= Robert Mark Glover =

Founder and executive director of Care for Children

Robert Glover (born 3 December 1956) is founder and executive director of the UK children's charity Care for Children. Glover also works as an advisor to the Chinese government on social welfare for disadvantaged children.

==Early life==
Glover grew up not knowing his father, and was raised by his mother, grandmother and two sisters in Norfolk, England. He played for Norwich City football club in his youth, and later played football for Portsmouth F.C., but stopped following an injury.

==Career==
After joining the Royal Navy, Glover went on to work for the Norfolk County Council and eventually got a degree in social work. On a trip to Shanghai with a friend, Glover was appointed by the director of Shanghai's Civil Affairs Bureau, to work with them as senior consultant in developing their child welfare system to include foster care. The charity Care for Children was registered in the UK, and Glover signed an agreement to start in 1998.

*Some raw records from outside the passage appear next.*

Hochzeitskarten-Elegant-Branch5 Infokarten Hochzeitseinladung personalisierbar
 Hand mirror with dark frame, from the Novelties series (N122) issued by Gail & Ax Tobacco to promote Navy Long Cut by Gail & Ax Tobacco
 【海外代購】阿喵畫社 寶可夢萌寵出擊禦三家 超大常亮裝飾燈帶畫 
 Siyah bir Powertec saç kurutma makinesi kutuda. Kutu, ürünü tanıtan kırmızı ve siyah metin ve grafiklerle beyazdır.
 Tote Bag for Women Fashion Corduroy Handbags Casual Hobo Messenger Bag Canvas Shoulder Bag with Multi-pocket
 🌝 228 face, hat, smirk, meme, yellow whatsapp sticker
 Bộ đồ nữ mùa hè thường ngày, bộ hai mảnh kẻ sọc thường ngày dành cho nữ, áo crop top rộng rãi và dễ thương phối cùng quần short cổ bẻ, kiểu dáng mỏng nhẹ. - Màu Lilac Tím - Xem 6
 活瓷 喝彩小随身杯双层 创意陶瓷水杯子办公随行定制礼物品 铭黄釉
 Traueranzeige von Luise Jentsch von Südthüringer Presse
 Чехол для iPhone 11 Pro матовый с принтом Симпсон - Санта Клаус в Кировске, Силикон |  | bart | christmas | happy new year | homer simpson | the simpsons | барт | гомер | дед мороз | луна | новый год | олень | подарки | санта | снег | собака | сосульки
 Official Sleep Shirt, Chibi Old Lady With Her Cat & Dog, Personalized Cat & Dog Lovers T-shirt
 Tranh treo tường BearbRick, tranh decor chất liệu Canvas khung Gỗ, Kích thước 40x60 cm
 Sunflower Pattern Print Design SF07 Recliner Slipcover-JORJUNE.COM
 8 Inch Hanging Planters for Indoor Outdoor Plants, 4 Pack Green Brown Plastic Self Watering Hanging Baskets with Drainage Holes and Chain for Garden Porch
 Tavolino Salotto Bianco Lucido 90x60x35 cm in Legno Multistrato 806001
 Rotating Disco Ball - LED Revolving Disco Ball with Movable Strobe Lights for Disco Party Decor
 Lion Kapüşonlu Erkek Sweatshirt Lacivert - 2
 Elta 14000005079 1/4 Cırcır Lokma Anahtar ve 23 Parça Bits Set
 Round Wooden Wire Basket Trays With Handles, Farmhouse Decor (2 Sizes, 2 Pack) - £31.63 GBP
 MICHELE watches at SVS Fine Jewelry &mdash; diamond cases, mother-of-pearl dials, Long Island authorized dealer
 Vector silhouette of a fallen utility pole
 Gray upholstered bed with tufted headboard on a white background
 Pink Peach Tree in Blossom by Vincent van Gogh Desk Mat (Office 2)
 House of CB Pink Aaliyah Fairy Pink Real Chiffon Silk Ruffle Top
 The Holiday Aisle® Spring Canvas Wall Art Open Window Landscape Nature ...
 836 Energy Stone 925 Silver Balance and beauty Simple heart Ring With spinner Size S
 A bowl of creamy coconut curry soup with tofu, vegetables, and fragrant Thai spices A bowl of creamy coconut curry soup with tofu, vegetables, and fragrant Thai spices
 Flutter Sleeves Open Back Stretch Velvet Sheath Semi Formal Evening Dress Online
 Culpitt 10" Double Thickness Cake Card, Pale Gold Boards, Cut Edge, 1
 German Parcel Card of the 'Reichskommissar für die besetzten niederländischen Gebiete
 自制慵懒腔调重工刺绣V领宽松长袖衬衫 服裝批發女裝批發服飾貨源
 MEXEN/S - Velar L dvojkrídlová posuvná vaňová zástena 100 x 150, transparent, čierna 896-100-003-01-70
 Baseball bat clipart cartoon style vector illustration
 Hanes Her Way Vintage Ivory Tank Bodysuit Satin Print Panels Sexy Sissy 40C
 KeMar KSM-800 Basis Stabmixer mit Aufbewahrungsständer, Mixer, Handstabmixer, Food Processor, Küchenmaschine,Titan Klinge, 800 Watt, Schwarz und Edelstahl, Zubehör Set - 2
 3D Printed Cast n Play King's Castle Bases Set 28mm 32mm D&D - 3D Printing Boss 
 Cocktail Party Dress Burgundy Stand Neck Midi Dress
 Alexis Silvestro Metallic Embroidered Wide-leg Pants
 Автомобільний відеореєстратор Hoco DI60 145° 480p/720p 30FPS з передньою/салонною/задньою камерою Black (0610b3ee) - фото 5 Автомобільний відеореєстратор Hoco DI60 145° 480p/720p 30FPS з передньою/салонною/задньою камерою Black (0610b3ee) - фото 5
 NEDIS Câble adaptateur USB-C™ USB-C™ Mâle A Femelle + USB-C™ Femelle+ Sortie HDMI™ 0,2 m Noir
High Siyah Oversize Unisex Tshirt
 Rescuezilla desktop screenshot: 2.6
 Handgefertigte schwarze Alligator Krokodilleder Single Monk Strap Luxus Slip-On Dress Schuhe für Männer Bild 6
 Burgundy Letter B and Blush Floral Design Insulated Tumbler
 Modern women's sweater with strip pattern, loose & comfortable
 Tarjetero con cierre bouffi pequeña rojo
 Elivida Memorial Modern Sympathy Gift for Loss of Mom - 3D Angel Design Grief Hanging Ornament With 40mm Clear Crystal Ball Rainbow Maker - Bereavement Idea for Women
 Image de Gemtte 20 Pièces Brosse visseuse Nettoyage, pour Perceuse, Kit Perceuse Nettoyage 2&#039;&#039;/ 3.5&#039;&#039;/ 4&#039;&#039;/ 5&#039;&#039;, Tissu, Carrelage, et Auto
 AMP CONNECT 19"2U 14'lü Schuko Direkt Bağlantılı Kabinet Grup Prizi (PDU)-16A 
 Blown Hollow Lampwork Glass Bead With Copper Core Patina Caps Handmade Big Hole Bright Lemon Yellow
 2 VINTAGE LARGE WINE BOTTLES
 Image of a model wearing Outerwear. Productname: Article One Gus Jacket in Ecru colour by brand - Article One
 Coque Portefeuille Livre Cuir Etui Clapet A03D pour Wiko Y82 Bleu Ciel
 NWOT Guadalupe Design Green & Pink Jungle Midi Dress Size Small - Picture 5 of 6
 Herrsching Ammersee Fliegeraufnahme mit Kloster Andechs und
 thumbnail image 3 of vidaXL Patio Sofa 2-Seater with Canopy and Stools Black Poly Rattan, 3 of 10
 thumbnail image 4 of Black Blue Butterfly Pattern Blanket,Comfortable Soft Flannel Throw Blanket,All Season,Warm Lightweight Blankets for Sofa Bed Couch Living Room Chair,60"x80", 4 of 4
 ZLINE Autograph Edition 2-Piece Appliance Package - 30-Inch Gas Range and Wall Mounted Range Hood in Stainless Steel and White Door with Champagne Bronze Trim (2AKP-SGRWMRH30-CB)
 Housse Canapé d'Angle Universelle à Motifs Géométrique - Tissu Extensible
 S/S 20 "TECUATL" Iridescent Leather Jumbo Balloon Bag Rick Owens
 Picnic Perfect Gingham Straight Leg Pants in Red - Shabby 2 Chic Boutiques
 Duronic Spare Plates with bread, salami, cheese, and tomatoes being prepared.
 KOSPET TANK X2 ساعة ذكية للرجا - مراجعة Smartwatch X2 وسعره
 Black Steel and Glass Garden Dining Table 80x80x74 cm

Accompanied by his wife and six children, Glover moved to Shanghai to work moving orphans and vulnerable children from institutional care into foster family care. The fostering project was launched with the objectives of 1) establishing a foster care program for children in the Shanghai state orphanage and 2) setting up a program of childcare training. After a successful pilot project, the Ministry of Civil Affairs asked Glover to move to Beijing to act as advisor to the government and help roll out the foster care program.

Following a successful pilot project, the Shanghai government awarded Glover the White Magnolia Award for outstanding services to the city. In 2005, he was awarded an OBE in Queen Elizabeth II's 2005 New Year Honours.